Bermudian politician

Jeanne Atherden is a Bermudian politician who formerly served as a Cabinet Minister from 2014 until 2017 and later as the leader of One Bermuda Alliance (OBA) and Leader of the Opposition in the House of Assembly of Bermuda from November 2017 until September 2018.

==Political career==
In 2008, she was appointed to serve as a Senator for the United Bermuda Party (UBP) and later became chair of the UBP and Opposition Senate leader in 2010. Following the UBP's merger with the Bermuda Democratic Alliance to form the One Bermuda Alliance, she became the OBA's deputy Chair.

At the 2012 Bermudian general election in which the OBA successfully won a majority, she was elected as the Member of Parliament for Pembroke West. In 2014, she became a Cabinet Minister with responsibility for Health, Seniors, and Environment, although the Environment section of the portfolio was later given to Cole Simons in 2016.

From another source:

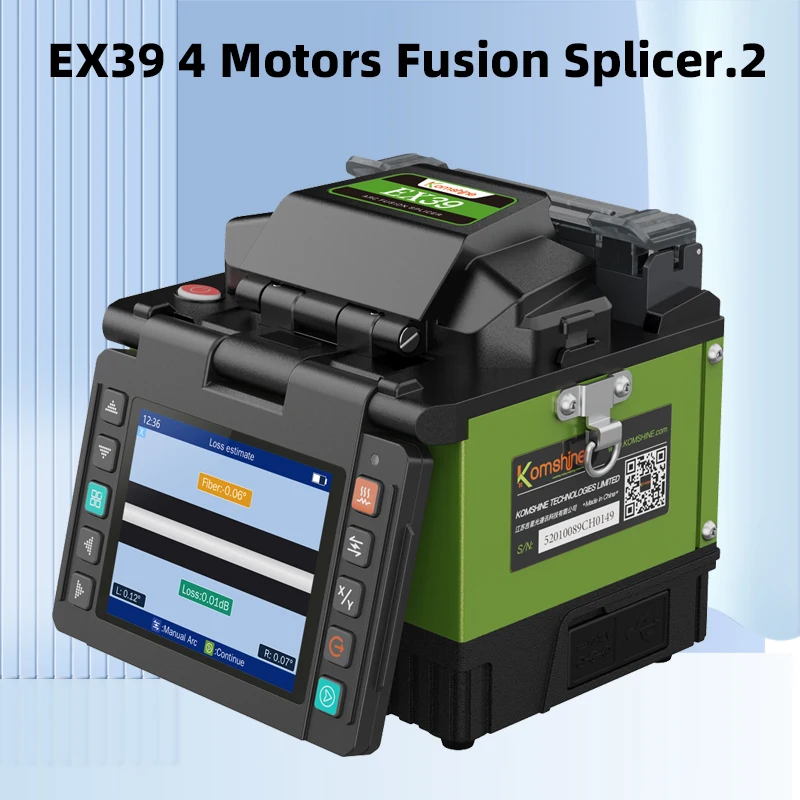 KomShine-Mini Fiber Fusion Splicer EX39 0.01dB Loss ARC Fusion Splicer 8S Splice 18s Heat 4 Motors 4000mAh battery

At the 2017 Bermudian general election, Atherden was re-elected as MP for Pembroke West, however the OBA lost the election to the PLP and the OBA became the official opposition. In November 2017, she won the OBA's leadership contest, beating former leaders Patricia Gordon-Pamplin and Craig Cannonier, and becoming Leader of the Opposition.

In September 2018, following a motion of no confidence in her leadership that was backed by 8 of OBA's 11 MPs, Atherden shortly afterwards resigned as OBA leader and Leader of the Opposition, being succeeded by former Premier and party leader Craig Cannonier. She did not run for re-election in Pembroke West at the 2020 Bermudian general election.

==Personal life==

Atherden's father, Pearl Adderley, was a former UBP candidate and activist. Her brother, Erwin Adderley, is a former UBP MP who ran against her in Pembroke West as an independent at the 2012 election.